If only books were as popular as smart phones and silly online challenges, the world would've been a better place.
It's been over three decades since the internet turned every table there is, making its way to everyone's home. As tech gadgets grow in sophistication, libraries collect dust and yellow-paged books.
In remembrance of the excitement once felt by a simple visit to the local bookstore, we take a look at five Arab authors who've had great impact on the region's youth.
1. Ghada al-Samman (1942 - Present)
Ghada al-Samman, born in 1942 in Damascus, Syria, is a journalist and novelist with over 40 published books and works.
From poetry and short stories, to novels and journalistic works, she's considered one of the most important Syrian authors as well as one of the first Arab feminists to be vocal about gender equality.

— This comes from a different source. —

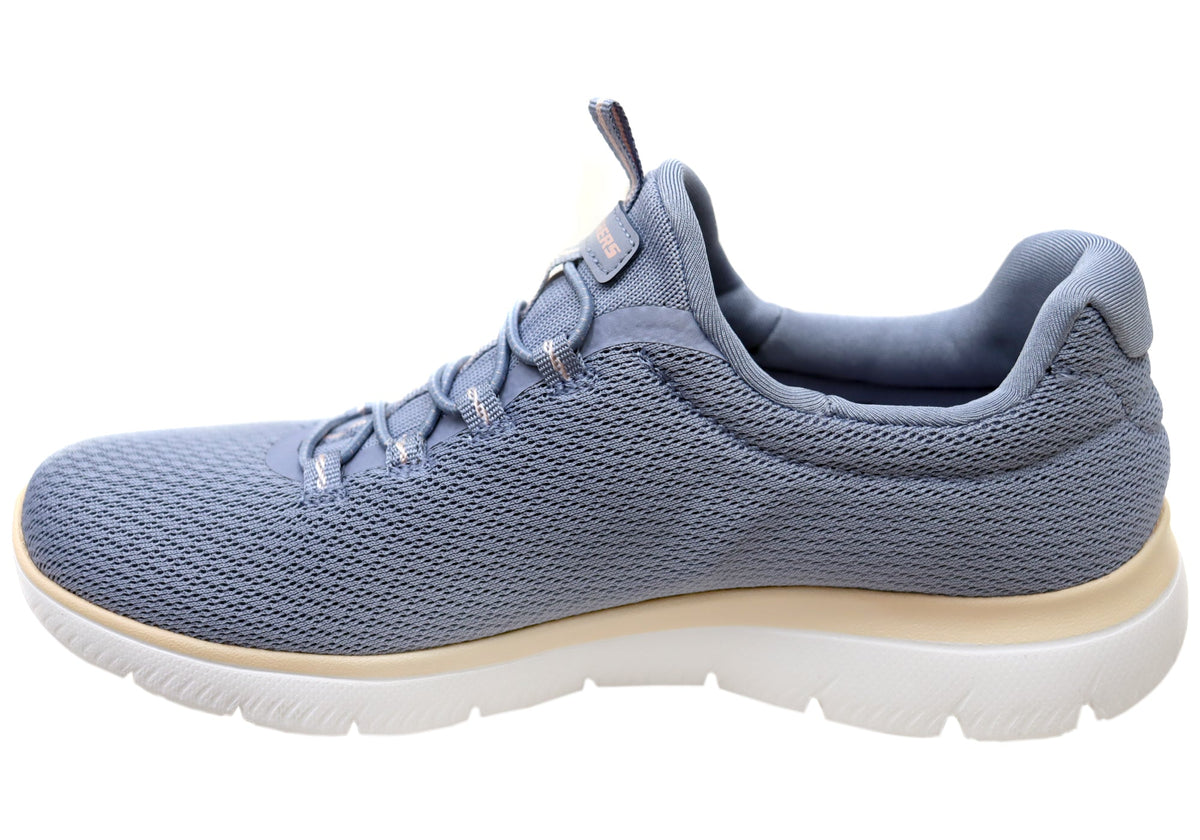 Skechers Womens Summits Summer Blush Slip On Shoes Light Blue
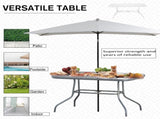 Garden Dining Table Glass Top Metal Frame with Parasol Hole Outdoor Balcony Grey 120L x 80Wcm T3398P314110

The Lebanese city Beirut had a lot of influence on her writing, which had her dedicate many books to it. Her love affair in the 60s with famous author Ghassan Kanafani was documented in a series of published letters.

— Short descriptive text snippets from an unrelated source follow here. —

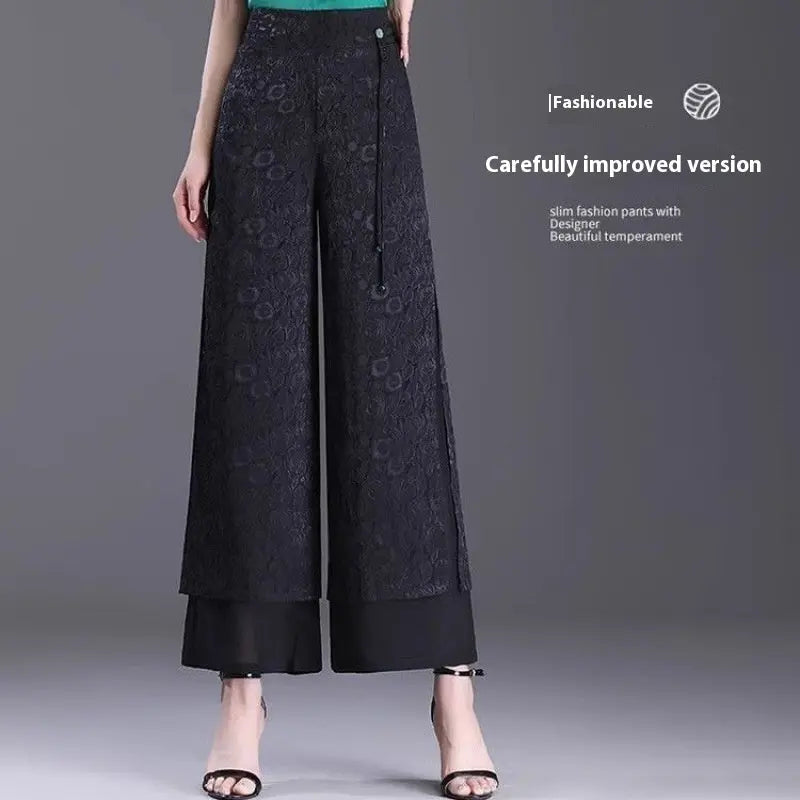 Chinese Style Split Pants Thin High Waist Loose hercurva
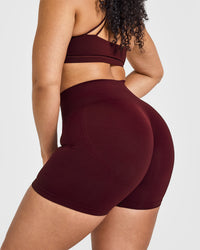 Effortless Seamless Shorts with White Logo | Rosewood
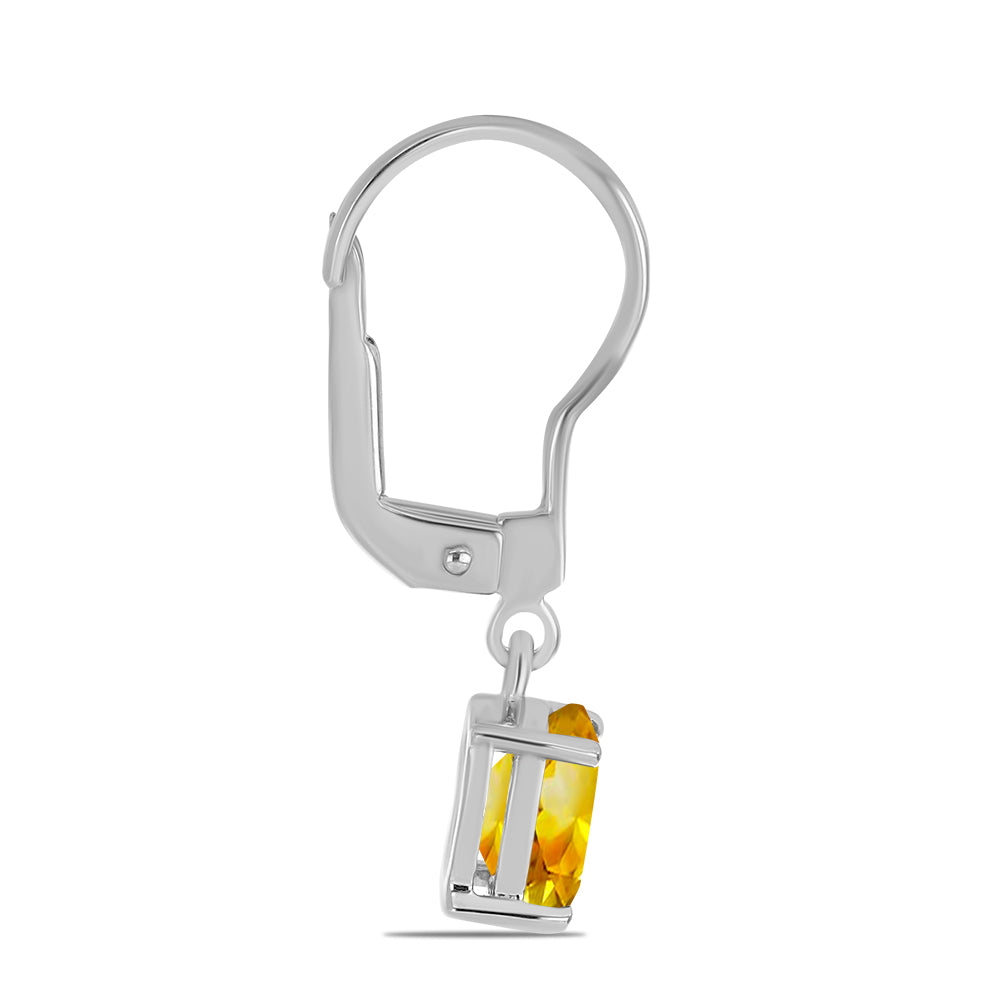Stříbrné Náušnice s Uralským Citrínem 2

She reportedly currently resides in Paris, France.
2. Ahmed Khaled Tawfik (1962 - 2018)
An Egyptian physician with a knack for writing, Tawfik started his supernatural series of short stories Ma Waraa Al Tabiaa (The Supernatural) in 1993. He then saw immense success after publishing Utopia in 2008.
He was the first Arab to explore and write thriller, horror, and fiction books, and was considered a pioneer in the medical thriller style.

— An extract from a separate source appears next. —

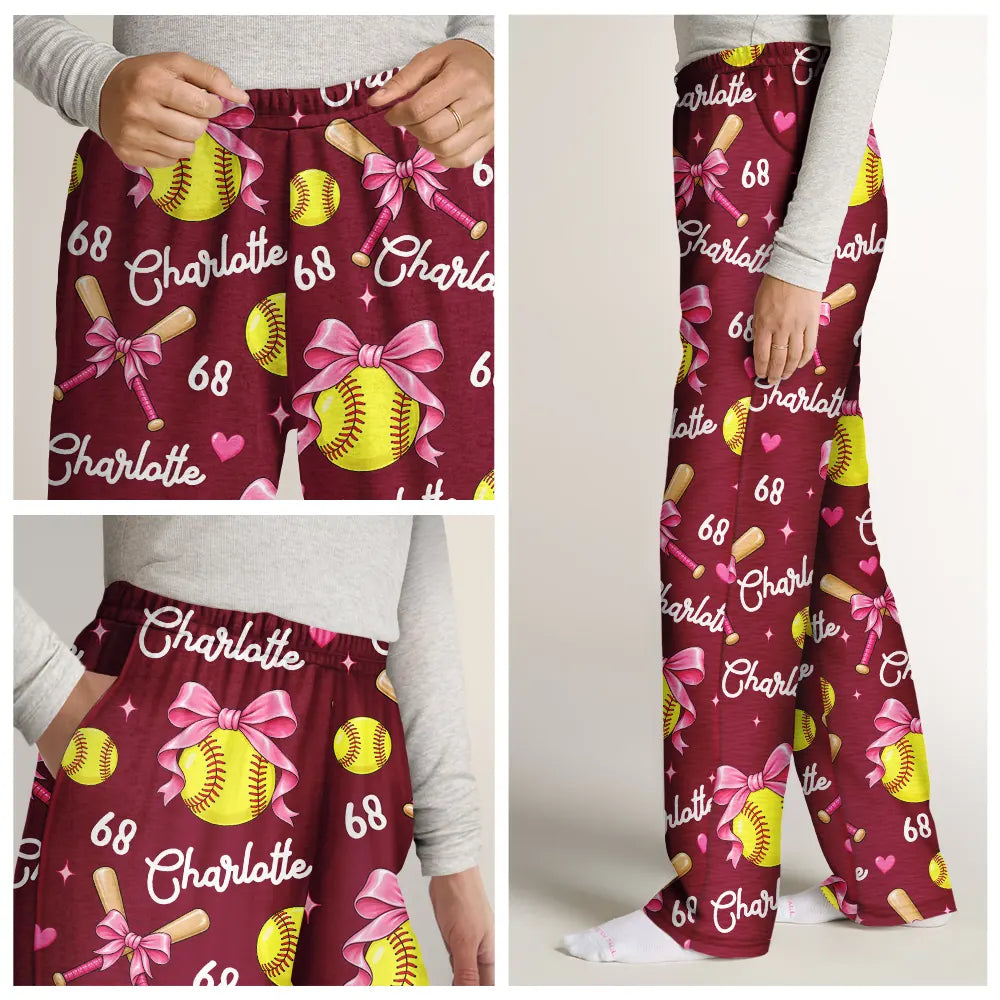 Top Market,Gifts For Her,Christmas,Softball,Gift For Yourself,Gift For Women,Icon,Happy - Coquette Bow Softball Player Softball Team Gift - Personalized Pajama Pants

He was the greatest influence on the Egyptian and Arab youth, who took up reading thanks to his stories. Through his passion, hard work, and continued inspiration, he surely deserved the title "Godfather" of our entire generation.
He passed away in 2018.
3. Bahaa Taher (1935 - Present)
An award-winning Egyptian novelist and translator, Bahaa Taher gave the Arab world brilliant stories about love and revolution. Sunset Oasis, Aunt Safiyya and the Monastery, and Love in Exile are some of his best books.
He was granted the State Award of Merit in Literature in 1998 - considered the highest praise an author can get in Egypt - as well as the Italian Giuseppe Acerbi prize in 2000 for Aunt Safiyya and the Monastery.
In 2008, he received the International Prize for Arabic Fiction for his novel Sunset Oasis.
4. Ibrahim Nasrallah (1954 - Present)
A Palestinian-Jordanian poet and novelist, Ibrahim Nasrallah was born and raised in Amman, Jordan. He began writing at the age of 13 as a way to express himself.
He's currently working on a trilogy, which is going to be a part of his Palestinian comedy project that revolves around the Palestinian journey throughout different generations and their evolution.
5. Nabil Farouk (1956 - Present)
An Egyptian author, Nabil Farouk is well known for his Ragol El Mostaheel (The Man of the Impossible) series, which introduced Arab audiences to the world of spies and covert operations.
He was amongst the first writers to dabble in this genre. He started exploring his writing abilities when he was merely a kid, and won a prize for his book The Prophecy before even graduating medical school.
He later started his second series Malaf Al Mostakbal (The Future File) as well as writing several crime and thriller novels.